O estranho Jimmy McFreak

Escritor: Patrick Martins

É começo de janeiro, as noites costumam ser fria e seca essa época do ano em Seeker City. Do alto de um armazém abandonado da estranha família McFreak um mancha negra voa ao redor, observando do alto, como um vigilante noturno, revelando pouco a pouco ser um corvo, negro como a noite, seus olhos de cristais capta cada pormenor e crocita alto, como um grito humano prevendo uma tragédia.
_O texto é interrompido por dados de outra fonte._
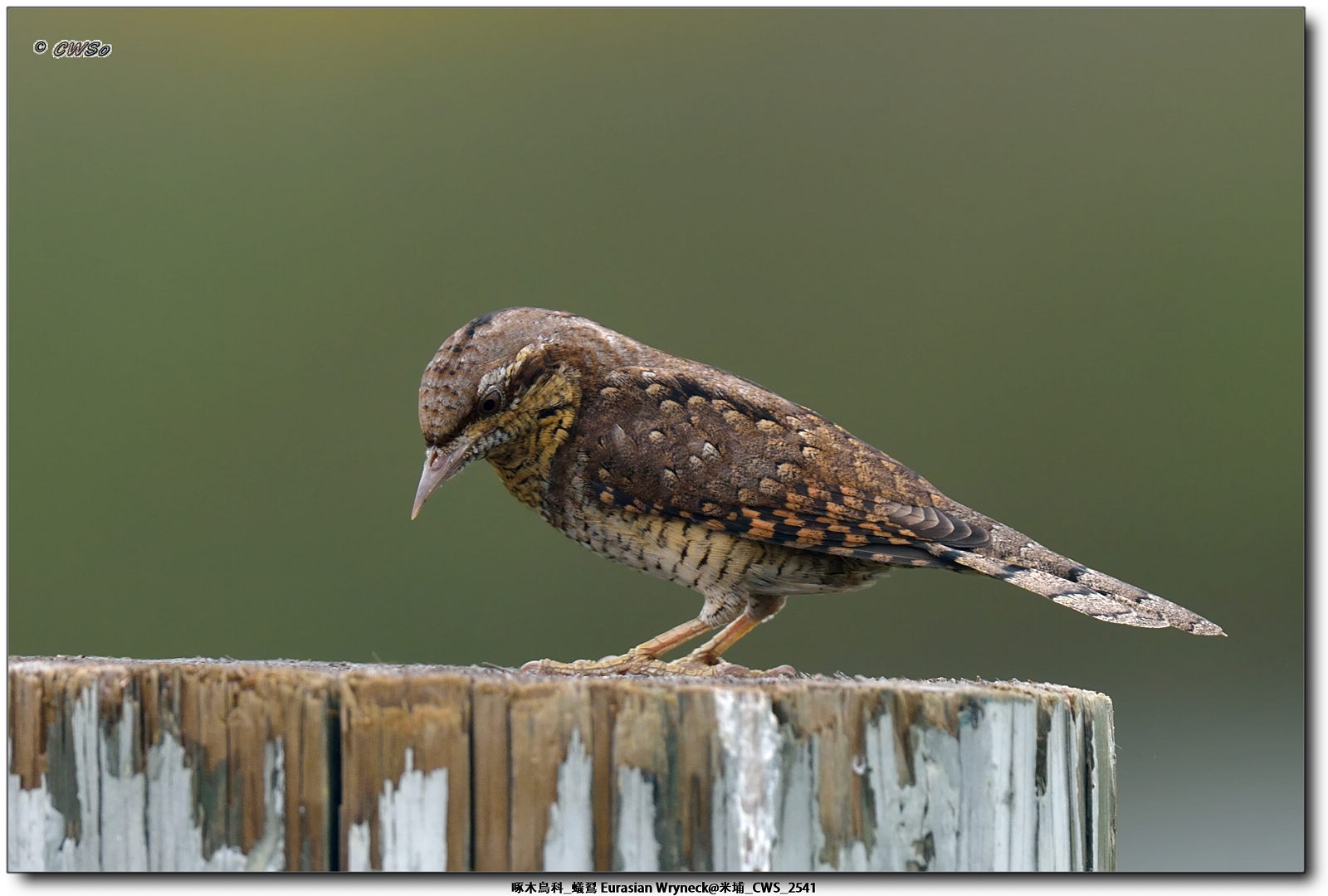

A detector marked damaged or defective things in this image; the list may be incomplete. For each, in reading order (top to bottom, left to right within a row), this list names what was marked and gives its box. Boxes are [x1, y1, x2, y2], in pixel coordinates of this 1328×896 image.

peeling white paint [7, 684, 286, 870]
peeling white paint [350, 748, 448, 870]
peeling white paint [544, 727, 598, 870]
peeling white paint [611, 770, 658, 870]
peeling white paint [711, 690, 780, 870]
O corvo então voa seguindo habilmente pelo contorno do armazém até parar próximo de uma pequena janela de vidro que fica acima da entrada principal, por sobre uma placa esculpida em madeira escurecida que diz: “O inferno sou eu. O inferno somos nós.”.
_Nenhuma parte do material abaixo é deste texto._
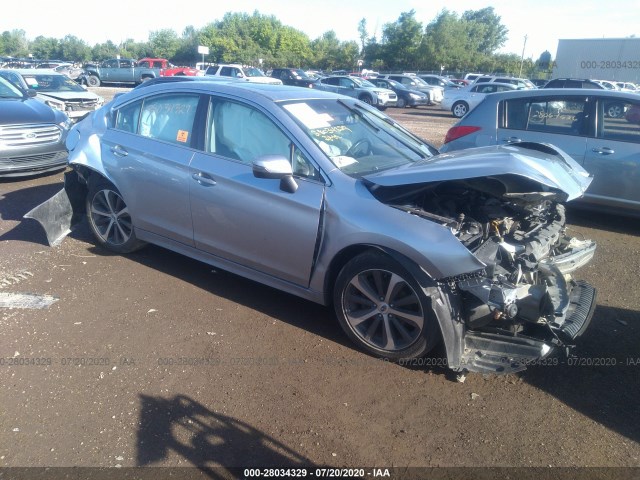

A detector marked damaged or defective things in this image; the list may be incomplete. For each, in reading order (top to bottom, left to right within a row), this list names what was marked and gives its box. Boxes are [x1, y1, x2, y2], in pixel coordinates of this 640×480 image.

severely damaged car [27, 81, 596, 376]
damaged hood [362, 142, 592, 202]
Rente à uma pequena fresta de madeira do velho armazém, dois grandes olhos azuis e esbugalhados contemplam furtivamente o galpão, movendo os olhos de um lado a outro em busca de algo. De dentro do galpão, junto a várias caixas de madeira há um lance de escadas, onde logo acima fica uma cabine, com a madeira envelhecida pelo tempo; Logo, sua porta marrom-escura se abre lentamente, provocando um ruído alto e prolongado. De dentro dela surge uma grande mão esquelética e cadavérica, enquanto outra mão empurra a porta, pouco a pouco, em meio à escassa luz vai se revelando uma criatura grotesca e gigante, um homem com mais de dois metros de altura, extremamente seco e lívido, o rosto vai se formando por sob a luz da lua que adentra pobremente o galpão, onde se mostra sua expressão lúgubre, olhos fundos e cansados, e com a cabeça raspada com apenas poucos fios a mostra, enquanto se locomove com dificuldade por conta de seus pés tortos e seus movimentos repetitivos e involuntários. Onde caminha com pesar descendo lance a lance a escada. Um grande barulho de corrente parece vir junto com ele, correntes amarradas em suas mãos que se ligam até alguma coisa dentro da cabine, vai tomando forma.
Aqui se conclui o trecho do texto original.